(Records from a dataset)

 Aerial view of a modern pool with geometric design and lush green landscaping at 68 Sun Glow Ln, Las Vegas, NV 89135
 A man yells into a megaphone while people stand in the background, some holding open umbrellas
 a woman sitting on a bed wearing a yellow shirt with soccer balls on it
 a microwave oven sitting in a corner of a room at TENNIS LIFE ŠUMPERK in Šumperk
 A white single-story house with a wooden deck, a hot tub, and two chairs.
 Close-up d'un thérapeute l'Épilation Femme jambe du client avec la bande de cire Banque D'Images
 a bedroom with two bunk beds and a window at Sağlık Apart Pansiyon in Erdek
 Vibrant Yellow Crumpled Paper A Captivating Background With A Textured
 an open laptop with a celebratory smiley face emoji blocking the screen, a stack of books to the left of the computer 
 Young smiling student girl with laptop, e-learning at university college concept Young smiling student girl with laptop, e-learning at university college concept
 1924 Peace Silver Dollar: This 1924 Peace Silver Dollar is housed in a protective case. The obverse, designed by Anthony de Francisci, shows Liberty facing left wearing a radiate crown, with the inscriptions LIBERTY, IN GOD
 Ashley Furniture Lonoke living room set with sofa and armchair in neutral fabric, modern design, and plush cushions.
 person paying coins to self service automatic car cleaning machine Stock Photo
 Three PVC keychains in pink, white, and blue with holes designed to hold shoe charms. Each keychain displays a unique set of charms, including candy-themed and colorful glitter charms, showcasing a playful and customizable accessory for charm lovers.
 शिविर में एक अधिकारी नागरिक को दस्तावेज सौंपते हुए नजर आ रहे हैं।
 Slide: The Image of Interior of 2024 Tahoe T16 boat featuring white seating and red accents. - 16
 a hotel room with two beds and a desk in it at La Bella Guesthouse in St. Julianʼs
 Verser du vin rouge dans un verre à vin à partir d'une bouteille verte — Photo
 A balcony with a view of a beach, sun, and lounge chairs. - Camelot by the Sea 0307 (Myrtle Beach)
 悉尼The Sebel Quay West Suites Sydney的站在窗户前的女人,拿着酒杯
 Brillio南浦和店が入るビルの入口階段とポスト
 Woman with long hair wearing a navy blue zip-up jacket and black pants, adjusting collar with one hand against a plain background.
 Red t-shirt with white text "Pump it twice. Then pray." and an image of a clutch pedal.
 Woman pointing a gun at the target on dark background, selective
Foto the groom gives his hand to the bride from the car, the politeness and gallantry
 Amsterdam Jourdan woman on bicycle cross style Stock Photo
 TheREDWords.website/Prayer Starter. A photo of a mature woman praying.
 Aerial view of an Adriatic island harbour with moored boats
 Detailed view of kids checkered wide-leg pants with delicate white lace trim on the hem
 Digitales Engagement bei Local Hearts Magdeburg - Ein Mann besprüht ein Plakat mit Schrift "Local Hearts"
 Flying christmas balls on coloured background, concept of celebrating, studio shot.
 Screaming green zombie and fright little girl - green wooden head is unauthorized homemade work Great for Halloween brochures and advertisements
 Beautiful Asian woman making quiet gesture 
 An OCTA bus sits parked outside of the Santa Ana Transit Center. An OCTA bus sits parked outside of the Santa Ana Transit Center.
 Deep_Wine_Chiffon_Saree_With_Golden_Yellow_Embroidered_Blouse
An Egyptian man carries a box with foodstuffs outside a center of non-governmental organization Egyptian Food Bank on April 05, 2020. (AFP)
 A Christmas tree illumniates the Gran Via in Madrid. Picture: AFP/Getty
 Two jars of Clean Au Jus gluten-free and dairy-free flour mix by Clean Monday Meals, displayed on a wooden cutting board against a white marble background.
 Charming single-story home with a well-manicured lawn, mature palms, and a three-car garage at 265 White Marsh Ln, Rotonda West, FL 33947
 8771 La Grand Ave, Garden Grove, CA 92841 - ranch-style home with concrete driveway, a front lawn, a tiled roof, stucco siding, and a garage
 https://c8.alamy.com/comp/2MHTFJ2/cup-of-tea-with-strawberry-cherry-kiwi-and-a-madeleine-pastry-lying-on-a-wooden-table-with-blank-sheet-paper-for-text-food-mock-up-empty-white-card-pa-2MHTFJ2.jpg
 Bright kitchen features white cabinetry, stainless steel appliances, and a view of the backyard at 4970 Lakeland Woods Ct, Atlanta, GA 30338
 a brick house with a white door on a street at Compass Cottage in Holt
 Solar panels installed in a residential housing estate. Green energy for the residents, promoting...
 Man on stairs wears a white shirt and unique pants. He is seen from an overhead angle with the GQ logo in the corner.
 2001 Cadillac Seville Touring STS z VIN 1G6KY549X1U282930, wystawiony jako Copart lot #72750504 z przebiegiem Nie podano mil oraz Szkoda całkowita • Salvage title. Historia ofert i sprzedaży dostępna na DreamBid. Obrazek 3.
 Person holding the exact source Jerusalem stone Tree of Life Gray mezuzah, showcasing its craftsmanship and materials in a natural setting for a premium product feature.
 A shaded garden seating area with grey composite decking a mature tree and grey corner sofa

Work item:
Read through the data and copy every line where "single" shows up.

Task output:
 A white single-story house with a wooden deck, a hot tub, and two chairs.
 Charming single-story home with a well-manicured lawn, mature palms, and a three-car garage at 265 White Marsh Ln, Rotonda West, FL 33947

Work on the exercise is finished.